My wife will be starting a new position next week, and her new company provides their 401k matching funds in the form of company stock. This is an unsavory practice that I hoped had passed from the world after the Enron scandal. Forgetting about that for minute, I thought I would take the opportunity to write about the pros and cons of investing in your own company stock:

Why You Should Invest in Your Company Stock

1. Understanding Your Investment - Warren Buffet is famous for saying that you should only invest in what you know and understand. One would think that the company you know the most about is the one you actually work for. You know if the company is well run, you know if morale is good, you know what the customers think about your company. In short, you have a lot of information which may allow you to make some intelligent investment decisions.

2. It Is a Company You Believe In - Otherwise why would you be working there?

3. It is Easy - sometimes all you have to do to invest in your company stock is to NOT act. Some companies award stock options or restricted stock to their employees. Others offer an employee stock purchase plan. Sometimes, unless you sell the stock you are awarded, you are automatically an investor.

4. Discounted Stock Offerings - many companies have an employee stock purchase plan (ESPP) which allows employees to purchase company stock at a discount, using a set portion of their salary. These purchases are typically done twice a year, and at the time of purchase you are guaranteed a 15% return on your investment, i.e. free money. Not taking advantage of such gifts is stupid. I intend to write a post about ESPP later this week.
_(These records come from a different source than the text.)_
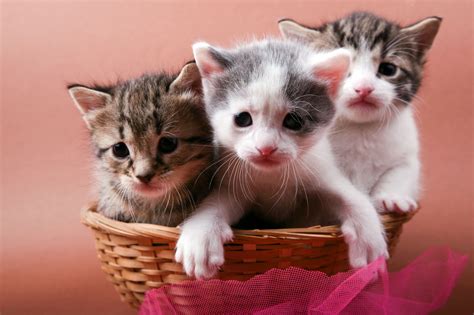 Amazon's choice for japanese kawaii plush. Kawaii Neko: 100 Cute Japanese Cat Names With Their ...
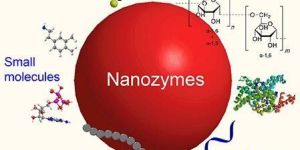 Nanozyme-BET-STP-9013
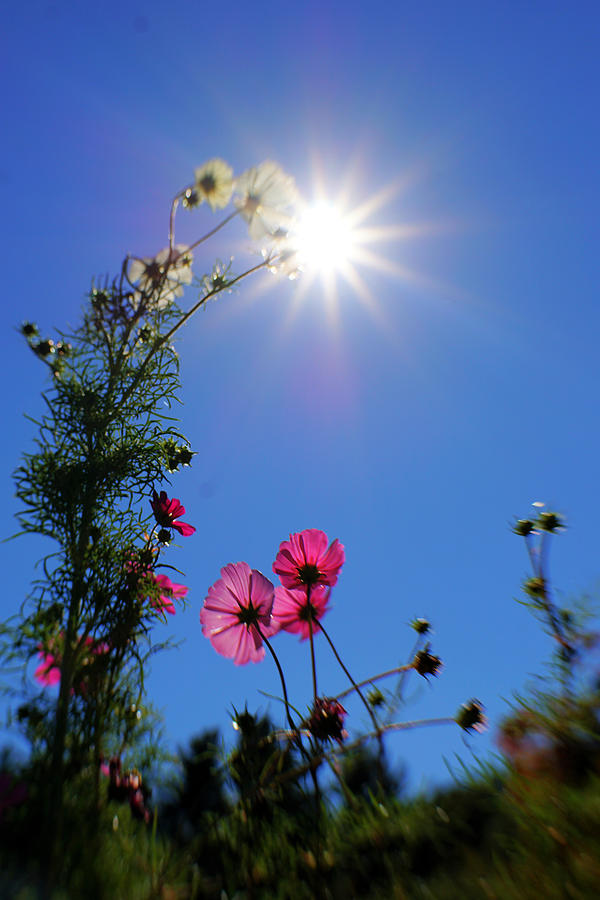 Sunny flowers Photograph by Lilia S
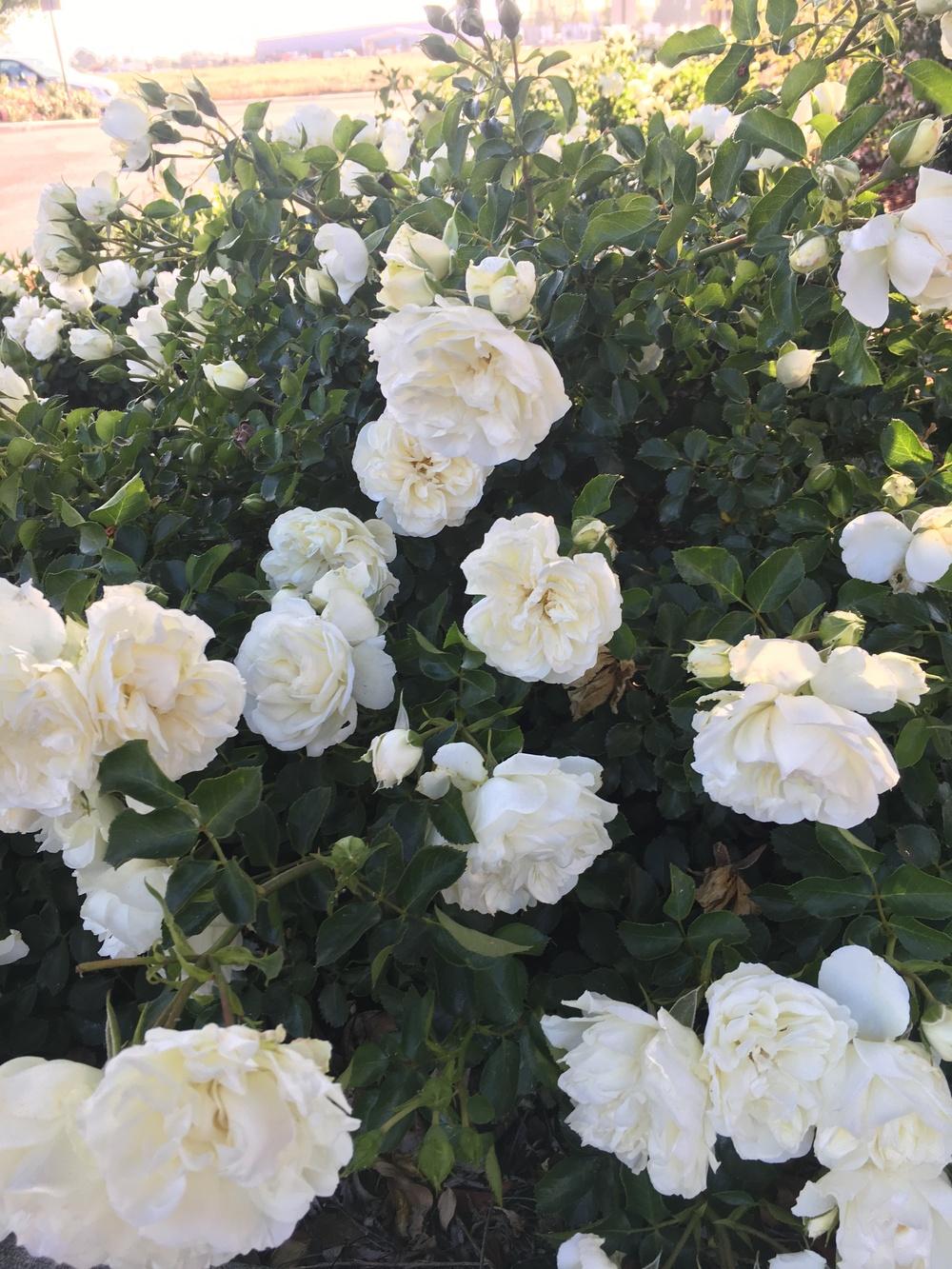 Photo of Roses (Rosa) uploaded by MindiHammerstone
5. You Don't Get a Choice - sometimes you are granted options or stock without having the right to sell them. It's a gift horse, no looking in the mouth please.


Why You Shouldn't Invest in Your Company Stock

1. The Double Whammy - if your company goes under, you lose your job AND your company stock is now worth zilch... can you say ENRON?
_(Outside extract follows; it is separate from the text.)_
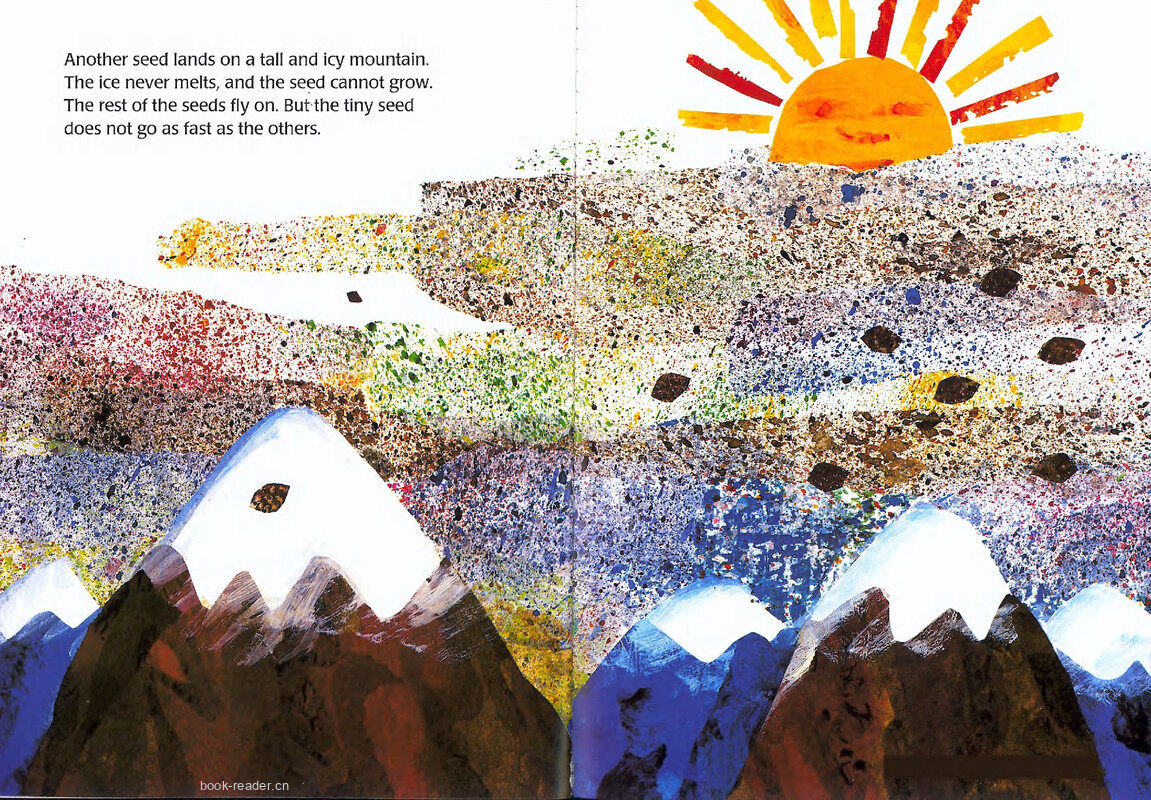 The Tiny Seed绘本故事第5页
2. Restricted Trading - SEC regulations restrict company employees and other insiders from trading the stock at certain periods of the quarter. The blackout period lasts until your company releases its quarterly earnings statement each quarter. During this time your investment is completely illiquid by law. If your company will be releasing some bad news, you may be stuck holding a bad investment with no way to get out.

3. Bias - When I work for a company, I tend to think that my company is superior to the competition, whether this is true in reality or not. I have no proof of this, but I suspect that many people share the same positive biases towards the company they work for. A biased investor is a poor investor. If you can't keep a sober market outlook, you should probably not be investing in your company's industry sector at all.
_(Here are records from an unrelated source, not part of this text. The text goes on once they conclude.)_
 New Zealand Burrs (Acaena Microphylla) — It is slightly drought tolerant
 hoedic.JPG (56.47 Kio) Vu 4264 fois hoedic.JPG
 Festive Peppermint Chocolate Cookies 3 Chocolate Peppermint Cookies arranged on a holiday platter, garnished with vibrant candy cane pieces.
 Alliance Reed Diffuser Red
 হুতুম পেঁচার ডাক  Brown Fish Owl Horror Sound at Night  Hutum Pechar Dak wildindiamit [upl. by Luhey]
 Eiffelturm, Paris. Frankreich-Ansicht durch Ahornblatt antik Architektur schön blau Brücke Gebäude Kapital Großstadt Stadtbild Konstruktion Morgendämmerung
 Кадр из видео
4. Diversification - I recently read a post on My 1st Million at 33 (an excellent PF blog that I strongly recommend) in which Frugal explains that about 20% of his investment portfolio is invested in his company's stock. Frugal's appetite for risk is much higher than mine, and he is a sophisticated investor, but I don't care how much you love a company, or how great you think its prospects are, holding 20% in ANY one stock makes for a very undiversified portfolio. I shared my opinion with Frugal in a comment on his post (Hi, Frugal!)

Bottom line, there are definitely some advantages for investing in your company stock, and under some conditions it is the right thing to do. However, while the "common wisdom" is that you should have no more than 10% of your portfolio in your company stock, my opinion is that the risks far outweigh the benefits and the smart strategy is to sell, sell, sell.

1 comment:

plonkee said...

I was the recipient of a rather large bonus in the form of stock in the company I work for. I promptly sold it as soon as possible. Since then the stock in the company has gone up by about 25%.

When my colleagues ask if I made the right decision, I tell them that of course I did. Because I definitely made the right decision.